Cet ouvrage collectif, issu des Journées internationales d’éthique organisées à Strasbourg en 2013, constitue un apport particulièrement dense au problème du handicap. Réunissant plus d’une quarantaine de contributions et couvrant une grande variété de disciplines et de zones géographiques, l’ouvrage est riche en réflexions émanant d’universitaires, mais aussi de militants associatifs, de praticiens, voire de témoins s’exprimant à la première personne (p. 291-295).

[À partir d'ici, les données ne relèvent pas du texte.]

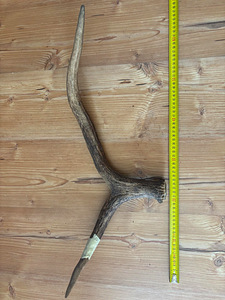 Sarv nr 7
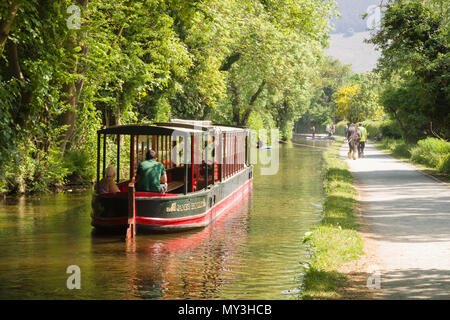 Pferd 15-04 mit Touristen ein Vergnügen Reise entlang der 200 Jahre alten Llangollen Canal in Nord Wales gezeichnet Stockfoto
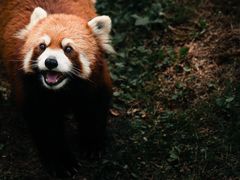 -黔灵山公园
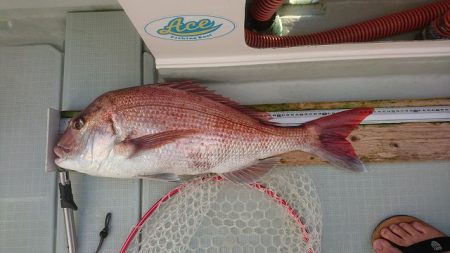 フィッシングボートACE（エース） 釣果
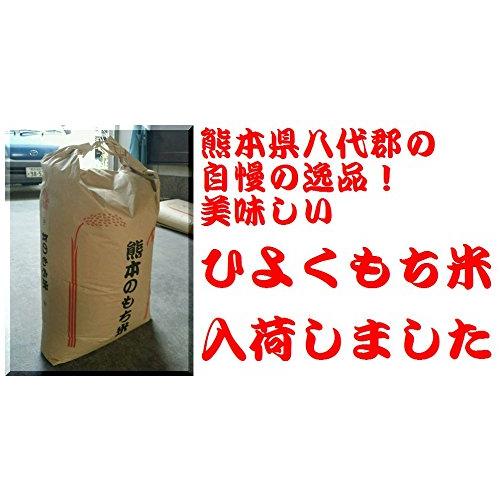 令和4年 熊本県産 もち米 ひよくもち 白米 10kg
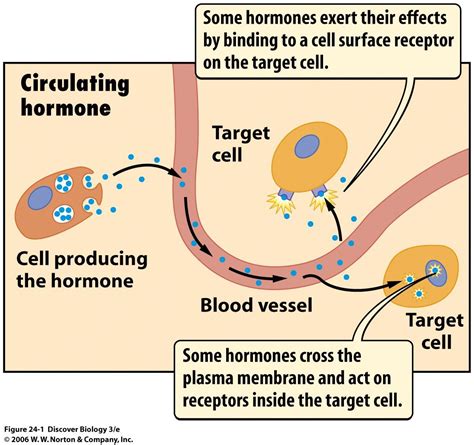 Pin On Medical Terms Hormones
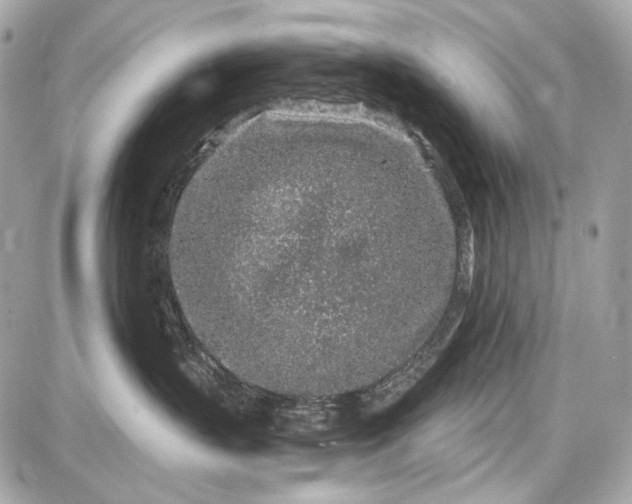 X0000087570383200705112219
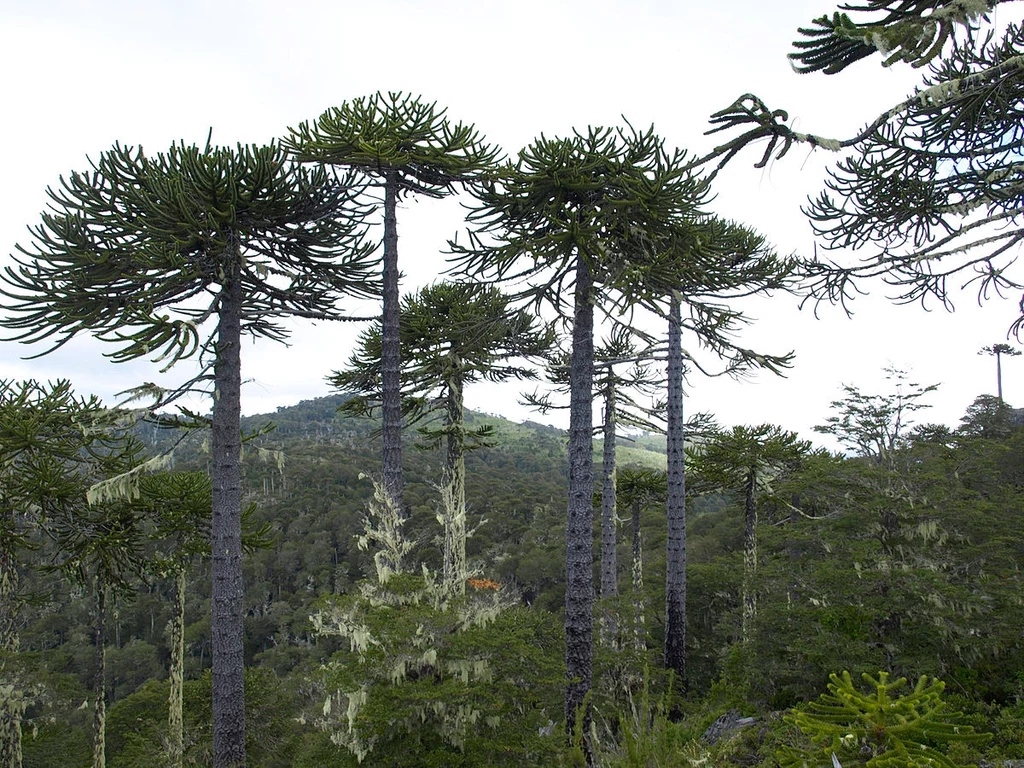 Las araukariowy w chilijskim Parku Narodowym Nahuelbuta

La parution de l’ouvrage en 2014 fut l’occasion de produire un premier bilan sur un changement législatif qui datait alors d’une dizaine d’années. Les lois françaises sur le handicap de 2002 et 2005 (voir p. 197-198), suivies de la Convention des Nations Unies en 2006 (bien résumée p. 80-84) constituent le sous-texte d’un grand nombre de contributions de l’ouvrage. Les études de cas tirées du tissu associatif alsacien côtoient des comparaisons internationales (170) pour interroger la mise en pratique de ces nouveaux principes, qui coïncidaient avec un renouvellement conceptuel. Tournant le dos aux approches paternalistes du handicap, considéré comme une disability ou une incapacité (10), la plupart des contributions mettent l’accent sur la « capacitation » (empowerment) ou sur la notion de capabilité développée par l’économiste Amartya Sen. L’approche en termes de capabilités se fixe comme objectif l’élargissement du champ des possibles réalisables pour un individu donné. D’assistée, la personne atteinte de handicap doit désormais être considérée comme un acteur ou un contribuable à part entière (82) – ce qui suppose que la collectivité effectue les aménagements nécessaires pour lui permettre de jouer ces rôles, par exemple à l’école (151).
Tout en réagissant à ce moment législatif, l’ouvrage développe aussi une approche plus transversale du handicap en s’attaquant aux préjugés qui persistent sur ce thème – qu’ils soient hérités de l’histoire, inscrits dans le langage (7-8, 32, 182) ou renouvelés par l’idéologie néolibérale qui met l’accent sur la performance (36, 187) et qui tend à considérer que les individus sont responsables de leur état par leurs choix de vie (250). La lecture de certaines pages ne saurait être trop recommandée aux non-spécialistes : ainsi de celles sur la vie sexuelle par Peter Meiner (364-366) ou de celles sur la place des personnes handicapées dans l’entreprise (439). Plus généralement, si l’ouvrage explore la variété des situations recouvertes par la notion, il insiste surtout sur le fait que le handicap est aussi une « condition ordinaire que tout être humain connaîtra au cours de son existence » (80), à travers la maladie, la vieillesse, les accidents…
Enfin, comme son titre l’indique, l’ouvrage expose une palette de problèmes éthiques. L’exemple le plus complexe est peut-être celui de la conception et de la parentalité. D’une part, les progrès de la génétique et des dépistages prénataux soulèvent des problèmes bioéthiques de fond : ne risque-t-on pas d’instaurer une nouvelle forme d’eugénisme (84) ? Dans une logique néolibérale, les parents qui feront le choix de donner naissance à un enfant atteint de handicap ne finiront-ils pas par être tenus responsables (notamment financièrement) de ce qui devrait être au contraire un coût supporté par la collectivité (364) ? D’autre part, la possibilité laissée aux personnes atteintes de handicap mentaux d’accéder à la parentalité engage aussi des arbitrages éthiques complexes et dont la discussion donne matière à penser (363-385) – comme le fait d’ailleurs l’ensemble de l’ouvrage.